Зато ты его прозу читал и снисходительно похваливал за её читабельность: "Это по крайней мере можно читать". Потому что прозу не признавал, как таковую, а редкие фавориты - Достоевский, Платонов, ты их называл старшеклассниками - были полной противоположностью Довлатову.
Наверно, тебе было бы обидно узнать, что у нас на родине Сергуня далеко обошел тебя в славе. Мгновенный классик. И никакие нобельки не нужны. Еще одно твое унижение: посмертное. Не только личное, но ещё иерархическое: телега впереди лошади, торжество прозы над поэзией. Ты считал наоборот и в посмертной статье о Довлатове написал о пиетете, который тот испытывал перед поэтами, а значит, перед поэзией. Никогда! Довлатов сам пописывал стишки, но не придавал значения ни своим, ни чужим, а проза стояла у него на таком же недосягаемом пьедестале, как у тебя поэзия.

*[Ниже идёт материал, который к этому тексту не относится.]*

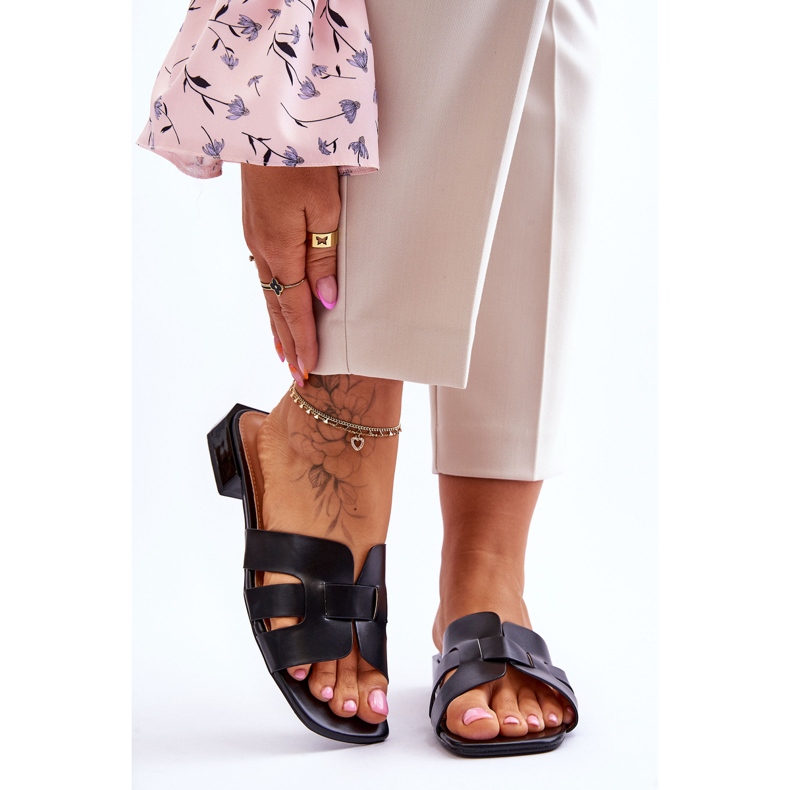 FJ1 Chaussons en Cuir Classiques pour Femme Noir Fendy 1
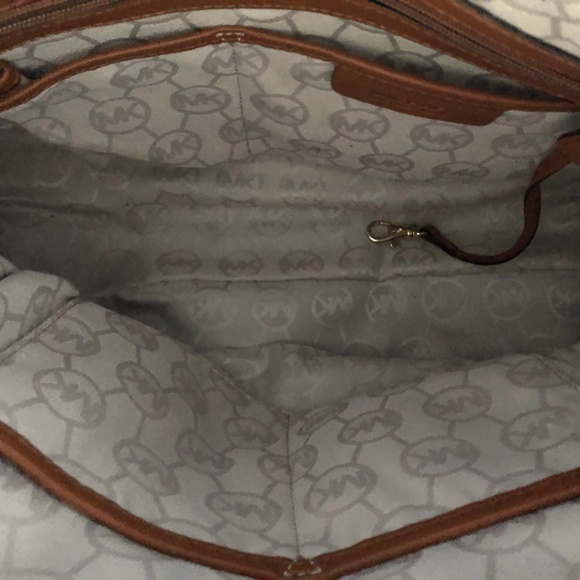 Stripped Satchel - Picture 3 of 3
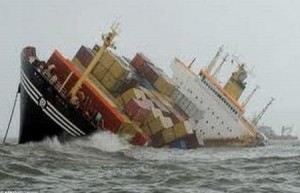 Hong Kong açıklarında iki yük gemisinin çarpışması sonucu 11 denizci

Цеховое отличие: вы принадлежали к разным ремесленным гильдиям. Среди литературных фаворитов Довлатова не было ни одного поэта. А оторопь точнее, страх - он испытывал перед авторитетами, перед начальниками, перед паханами, независимо от их профессий. Таким паханом Довлатов тебя и воспринимал - вот причина его смертельного страха перед тобой.

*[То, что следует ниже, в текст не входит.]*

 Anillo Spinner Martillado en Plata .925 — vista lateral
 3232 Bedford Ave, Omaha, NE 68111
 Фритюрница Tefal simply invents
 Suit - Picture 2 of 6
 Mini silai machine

В Питере ты им не был - в Нью-Йорке им стал.
Литературный пахан, не в обиду тебе будет сказано, дядюшка.
Что нисколько не умаляет твой поэтический гений.

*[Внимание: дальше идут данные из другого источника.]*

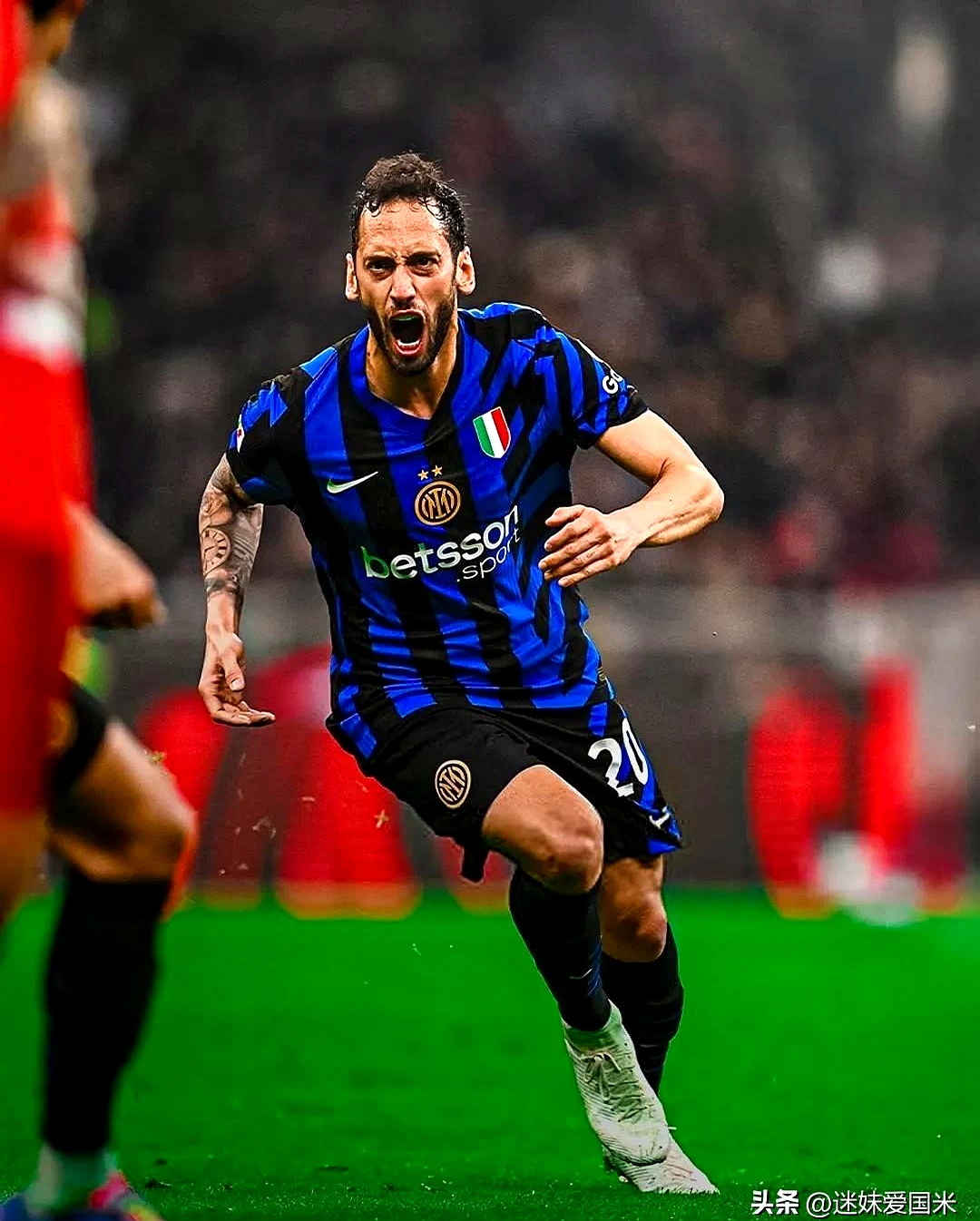 包含AC米兰球员备战下一场比赛，信心满满的词条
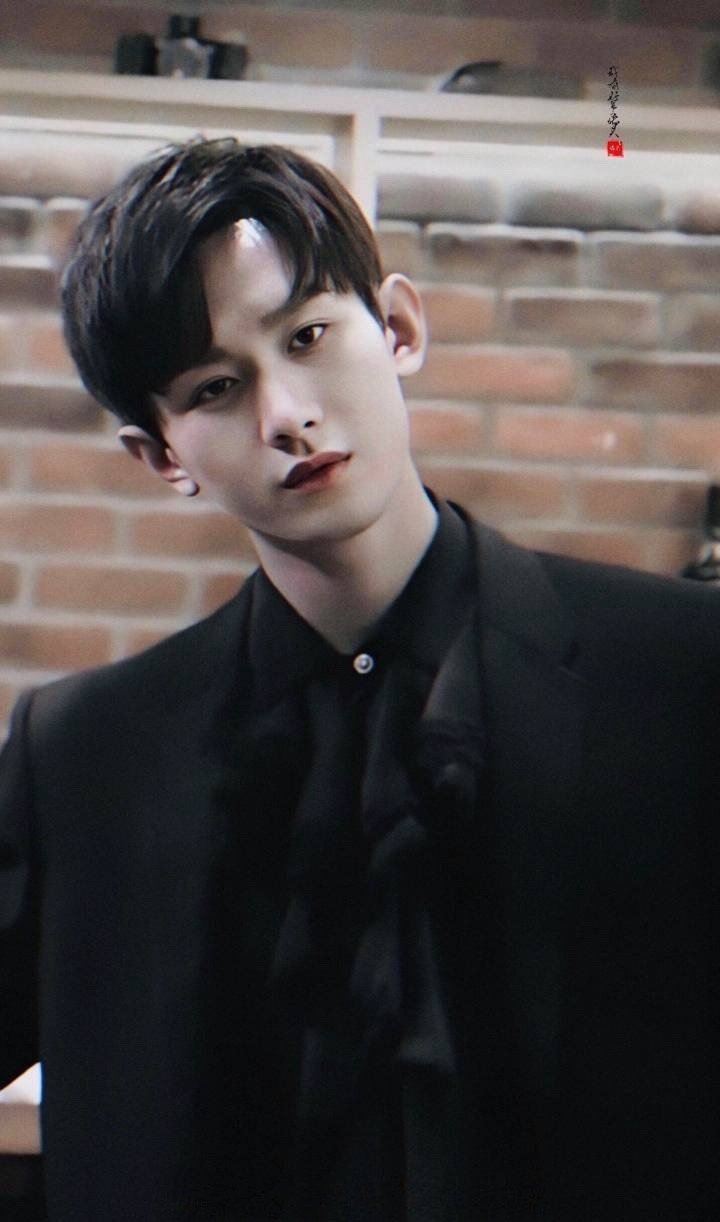 成毅快本彩排录制帅气生图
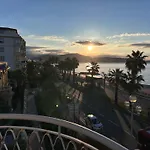 Beach Front, Superbe Appartement Pour 4 Personnes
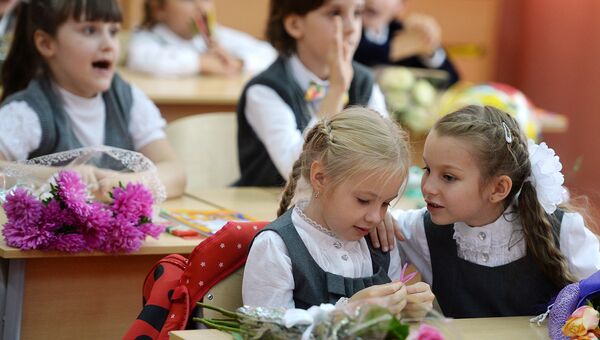 Первоклассники на первом уроке в одной из московских школ. Архивное фото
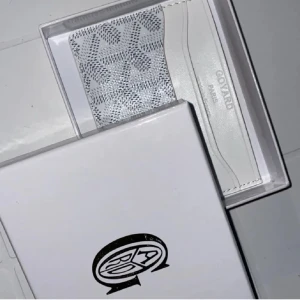 Vit goyard korthållare  - Väldigt eftersökt korthållare från goyard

Случалось и похуже: Фет - тот и вовсе был говнюшонок.
Поэт - патология: как человек, мыслящий стихами. Нелепо ждать от него нормальности в остальном. Тем более - предъявлять претензии.
Твоя железная формула: недостаток эгоизма есть недостаток таланта.
У тебя с избытком было того и другого.
Были и вовсе некошерные поступки, но я ещё не решила, буду ли про них.
Даже если не Довлатов был организатором и застрельщиком остракизма, которому тебя тогда подвергли, все равно ты бы не простил ему как хозяину квартиры. Точнее, комнаты. Ни от тебя, ни от Сергуни я той истории не слышала. Как говорит, не помню где, Борхес, все свидетели поклялись молчать, хотя в нашем случае ни один не принёс клятвы, а просто как-то выветрилось из памяти, заслоненное прижизненным пиететом Довлатова к тебе и посмертной твоей статьей о нем. Да и как представить сквозь пространство и время, что самый великий русский поэт и самый известный русский прозаик, дважды земляки по Питеру и Нью-Йорку, были связаны чем иным, нежели дружбой и взаимоуважением?
Информация о том вечере тем не менее просачивается.
"Сегодня освистали гения", - предупредил, покидая благородное собрание, граф Монте-Кристо.
Так рассказывает мама, которая увидела тебя там впервые. Еще до того, как познакомилась с папой, который зато был знаком с твоей будущей присухой, когда ты не подозревал о её существовании - причина моих невнятных в детстве подозрений. Читал ты, облокотясь о прокатный рояль, главную достопримечательность той комнаты, если не считать высокой изразцовой печи малахитной окраски с медным листом на полу. "Гением он тогда ещё не был, - добавляет мама. - А поэма была длиной в Невский проспект вместе со Старо-Невским". Папа не согласен: "Гениями не становятся, а рождаются". У меня своего мнения нет - я ту поэму не читала. Что знаю точно - не в поэме дело. А в миловидной крепости. Хотя нужна тебе была вовсе не крепость, а победа. Победа досталась другому. Вдобавок этот другой освистал поэму. С тех пор ты и сам её разлюбил. Двойное унижение. Такое не забывается.